Material provided Block Start

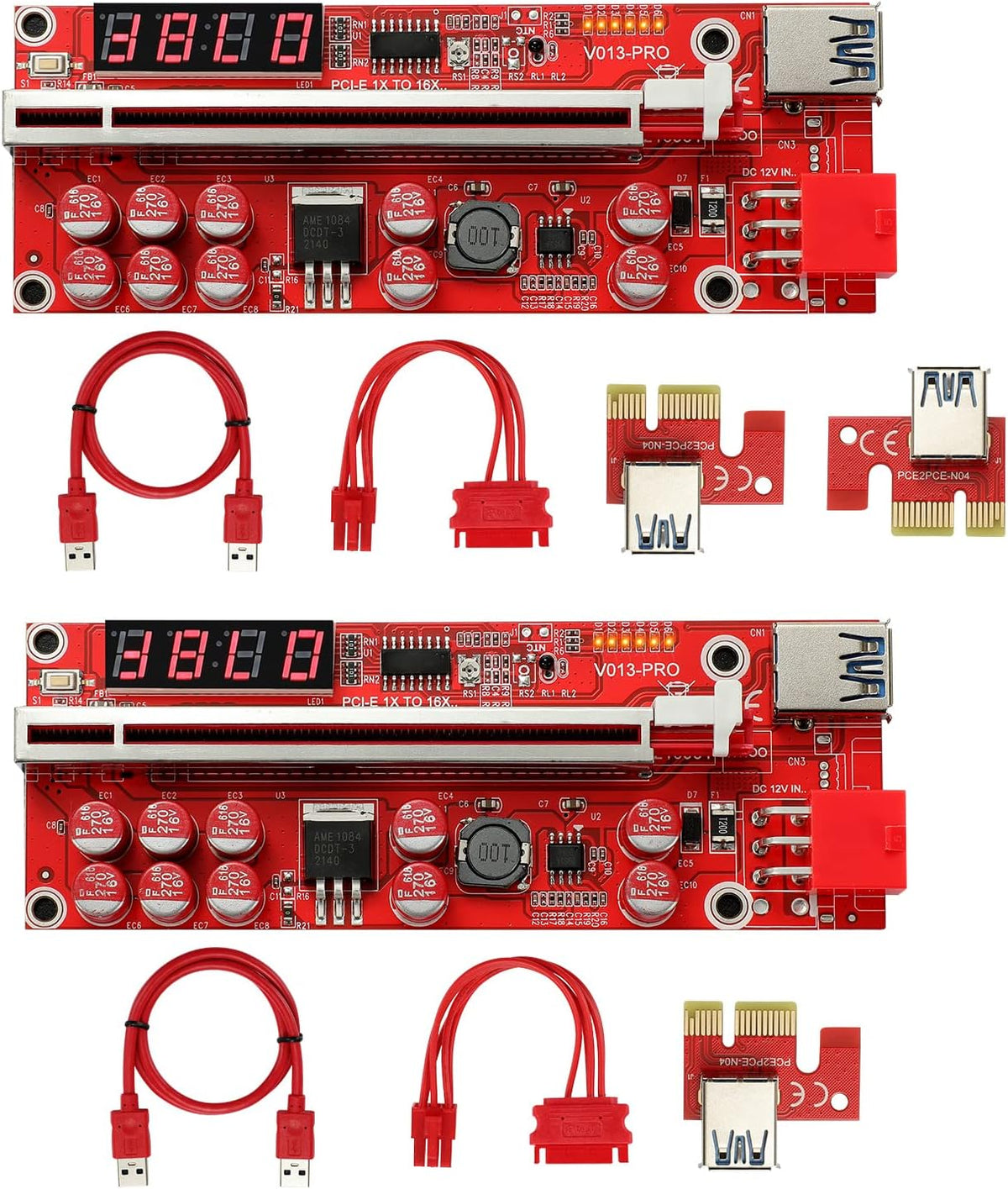 2 Pack PCIE Riser 1X to 16X Graphics Extension Adapter Card with USB 3.0 Cable B340715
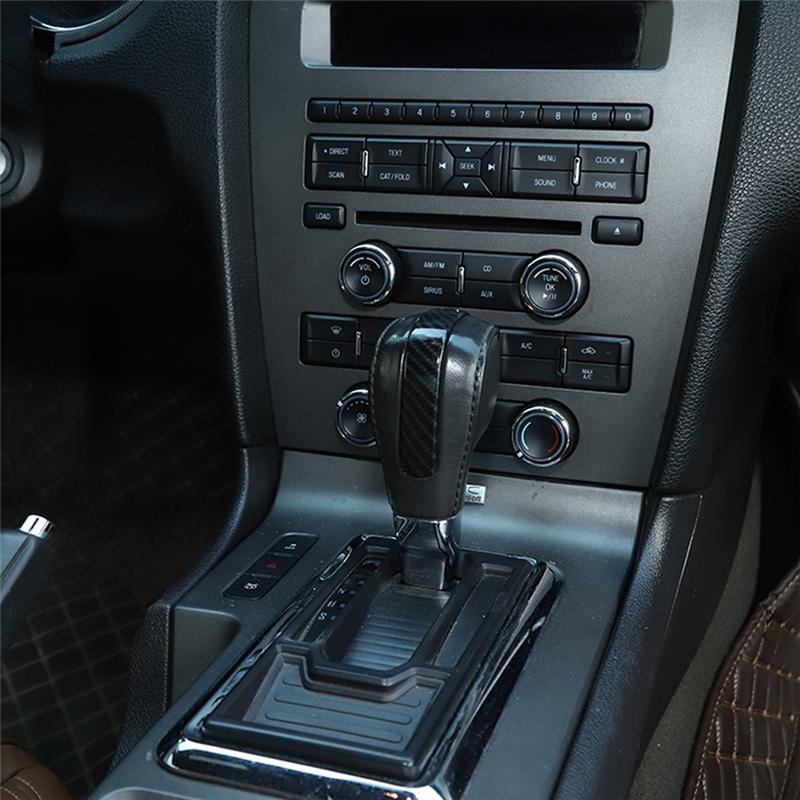 Car Gear Shift Head Decoration Cover Trim Interior Accessories For Ford Mustang 2010-2014 (Carbon Fiber ABS)-A99D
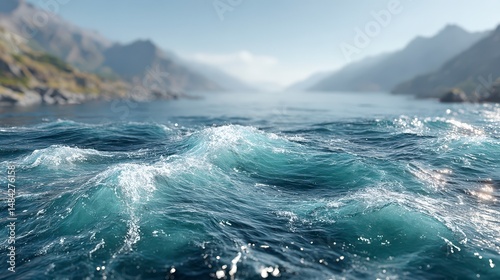 Obraz na płótnie Serene Ocean Waves Coastal Landscape Blue Water Texture Calm Sea Mountain View w salonie
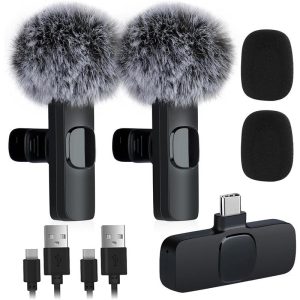 Micrófono Receptor Oneway USB C Lavalier 2 Microfonos Pinza Wireless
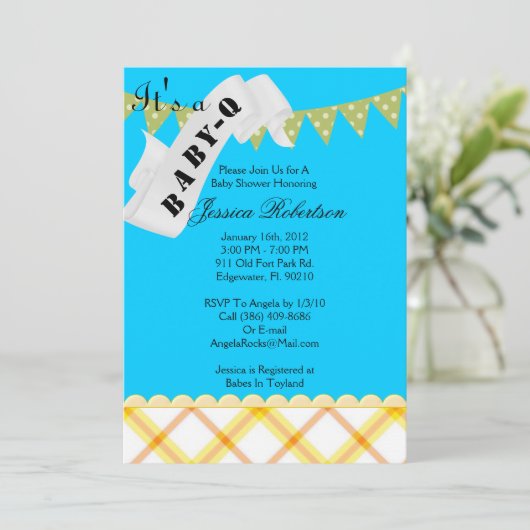 Baby Q Bar-B-Q Shower, Cute Kaart (Staand voorkant)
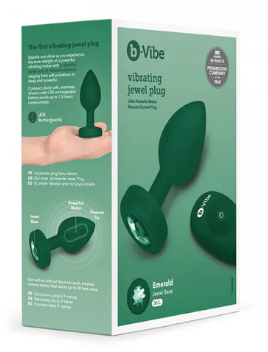 b-Vibe Vibrating Jewel Plug (Green) – Anal Plug Default Title > Anal Range > Jewel Butt Plugs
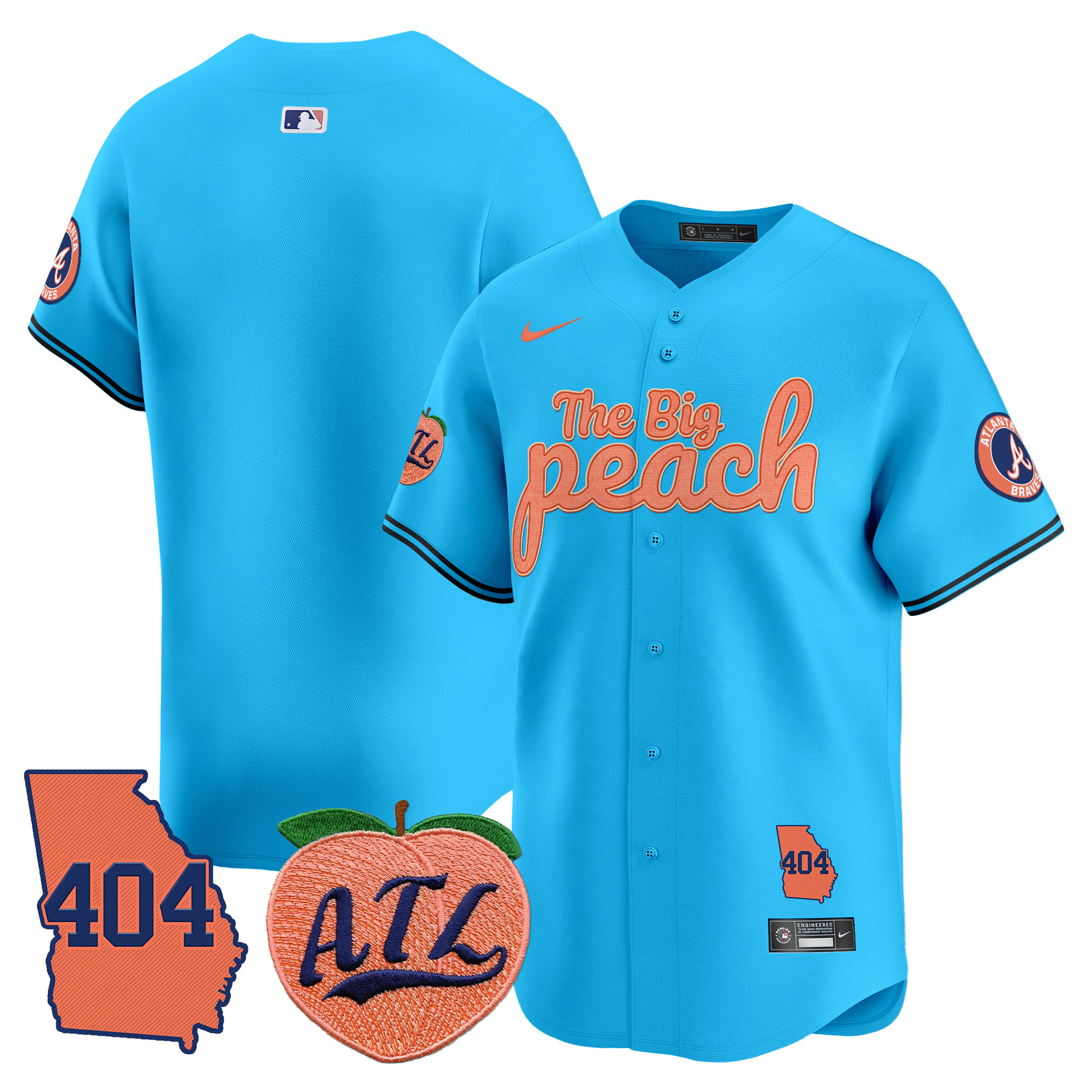 Men's Atlanta Braves 404 & The Big Peach Vapor Premier Limited Jersey - All Stitched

Material provided Block End

▶ Task: The records above should be copied word for word, with the pictures left out.

▶ Response to the task:
 2 Pack PCIE Riser 1X to 16X Graphics Extension Adapter Card with USB 3.0 Cable B340715
 Car Gear Shift Head Decoration Cover Trim Interior Accessories For Ford Mustang 2010-2014 (Carbon Fiber ABS)-A99D
 Obraz na płótnie Serene Ocean Waves Coastal Landscape Blue Water Texture Calm Sea Mountain View w salonie
 Micrófono Receptor Oneway USB C Lavalier 2 Microfonos Pinza Wireless
 Baby Q Bar-B-Q Shower, Cute Kaart (Staand voorkant)
 b-Vibe Vibrating Jewel Plug (Green) – Anal Plug Default Title > Anal Range > Jewel Butt Plugs
 Men's Atlanta Braves 404 & The Big Peach Vapor Premier Limited Jersey - All Stitched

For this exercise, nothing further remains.